▸ **TASK DATA**:
□ □ □ □ □
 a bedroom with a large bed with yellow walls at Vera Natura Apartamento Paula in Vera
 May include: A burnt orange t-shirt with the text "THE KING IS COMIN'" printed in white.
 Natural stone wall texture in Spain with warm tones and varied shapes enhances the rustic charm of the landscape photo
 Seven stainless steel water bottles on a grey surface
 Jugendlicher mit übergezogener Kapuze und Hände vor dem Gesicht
□ □ □ □ □
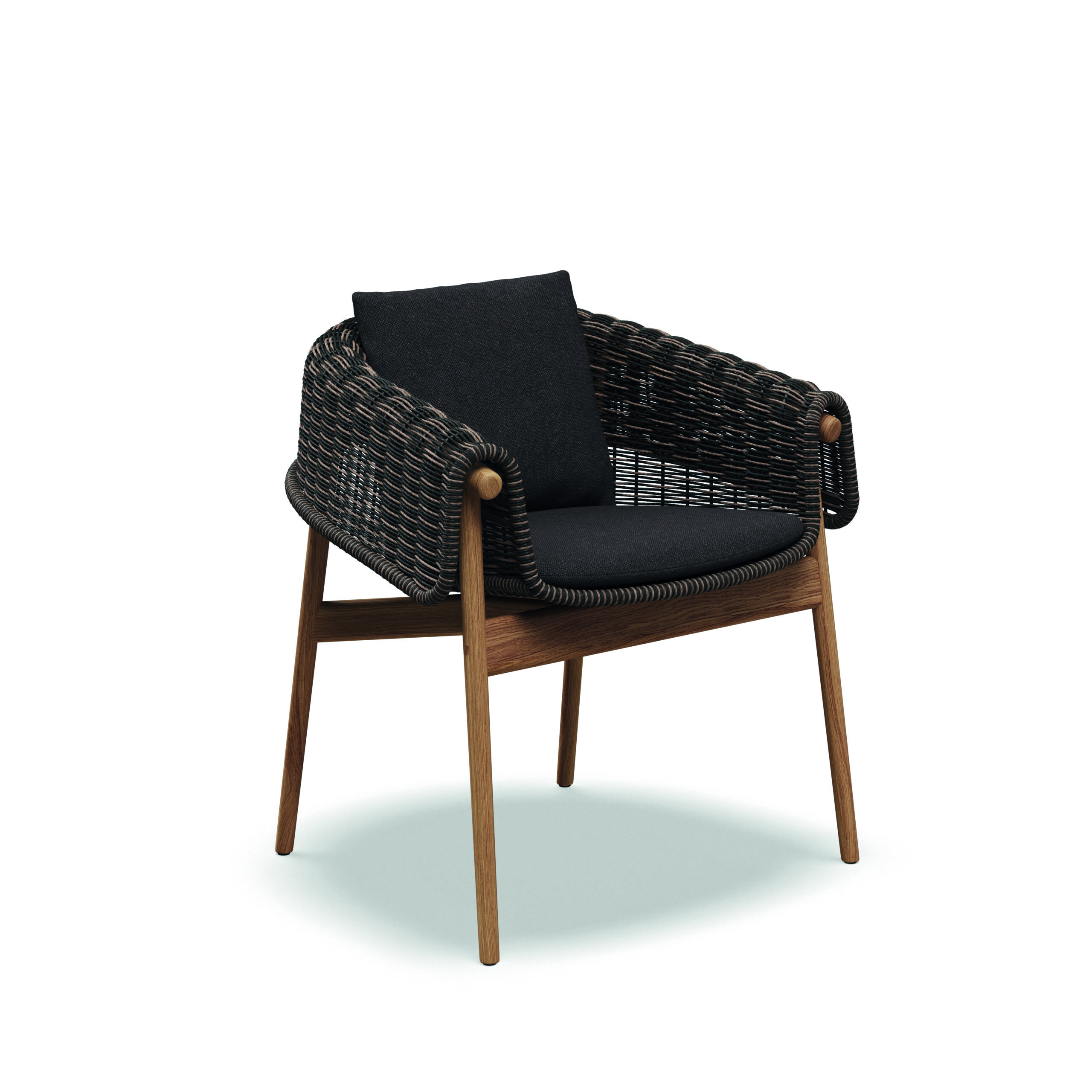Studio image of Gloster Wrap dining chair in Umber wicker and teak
□ □ □ □ □
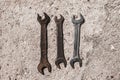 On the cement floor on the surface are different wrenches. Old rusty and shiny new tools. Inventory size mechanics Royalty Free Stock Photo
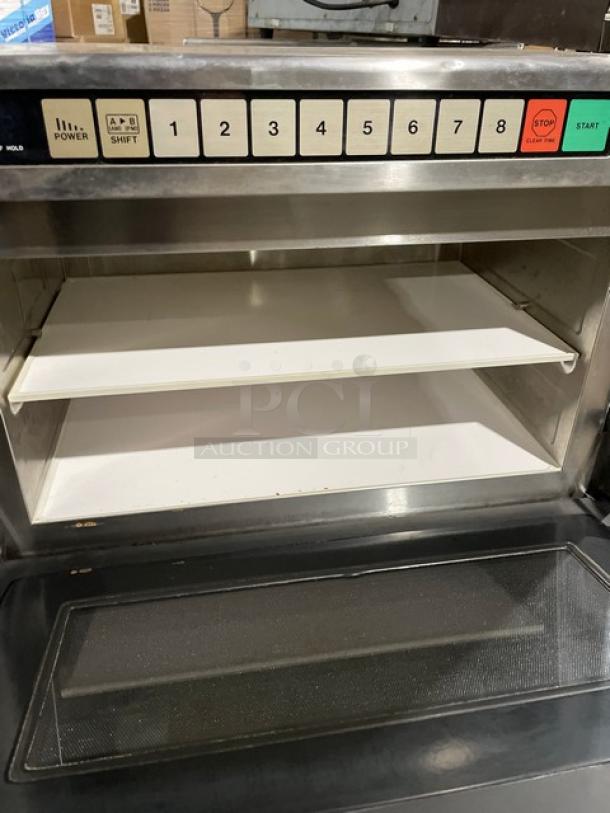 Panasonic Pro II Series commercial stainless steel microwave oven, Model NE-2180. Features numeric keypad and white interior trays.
□ □ □ □ □
▸ **GOAL OF THE EXERCISE**:
Copy the lines above exactly, starting with the line that contains "On the cement" and ending with the line that contains "Panasonic Pro II", and leave out any pictures.

▸ **SOLUTION TO THIS TASK**:
 On the cement floor on the surface are different wrenches. Old rusty and shiny new tools. Inventory size mechanics Royalty Free Stock Photo
 Panasonic Pro II Series commercial stainless steel microwave oven, Model NE-2180. Features numeric keypad and white interior trays.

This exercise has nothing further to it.